Self Care for the ACL: Prehab to Prevent Tears
ACL tears are one the more common injuries in the sports world. After only a few weeks into the NFL season, there have already been multiple ACL injuries. Most of the time, these are non-contact injuries. Without going into too much detail, the anterior cruciate ligament (ACL) is the most commonly injured ligament in the knee. It prevents anterior translation (forward movement) and internal rotation of the tibia (lower leg). The muscles that directly cross the knee primarily control movement forward and back. Twisting and side to side movements are controlled by the core, hips, and foot and ankle. These areas need to be trained to stabilize the body during these types of movements or too much responsibility falls on the ACL. There are a plethora of exercises that can be utilized to work on balance and stability of the core and lower extremity. Let’s touch on a few simple ones that you can start today.
Proprioception is your body’s awareness of where it is in space. There are nerve receptors within our joints, tendons, and muscles that give our brain this feedback. They must be challenged to get better! Our body uses proprioceptors, vision, and the vestibular system (inner ear) to recover from a loss of balance. So for example, if you take away vision, the proprioceptors must work harder. Any athlete should be able to balance on one leg with the eyes closed for 30 seconds. You must do this without level hips and with a stable foot. Use a tripod position of the foot which is where equal weight is distributed between the base of the big toe, little toe, and center of the heel. Don’t grip the ground with your toes. Stand on one leg, lifting the other to where the thigh is parallel with the ground.
Hip Strength and Activation
The gluteal muscles and rotational muscles that surround the hip are extremely important in stabilizing the knee. They need to be strong but they also need to activate properly when the foot hits the ground. The most basic gluteal activation exercises are long, static hold movements, or isometrics. It’s best to start on the ground with a few exercises that isolate the gluteals and remove the ability of the hip flexors and quads to help. Sidelying clams and hip abduction are simple but challenging. Use a light resistance band and hold each of these exercises for one minute, 2 reps on each leg.
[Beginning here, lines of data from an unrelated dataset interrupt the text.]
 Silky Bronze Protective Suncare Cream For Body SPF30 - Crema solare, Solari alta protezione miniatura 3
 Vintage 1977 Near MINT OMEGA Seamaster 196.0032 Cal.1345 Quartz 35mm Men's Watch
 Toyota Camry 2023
You can then combine these exercises with core strengthening by performing them in a modified side plank position.
Balance and Hip Stability
The next step is to bring it all together! You need to have good balance in a dynamic situation along with proper hip muscle activation to protect the ACL. One example is a banded lateral plyometric jump. With a band around the knees, perform single leg bounding side to side. Challenge yourself by sticking the landing and maintaining balance for a few seconds before jumping back to the other side.
Based on your sport, exercises can be tailored to train your body for the challenges it will face. A physical therapist or athletic trainer is a great resource for any athlete who wants to maximize performance and also protect themselves from injury.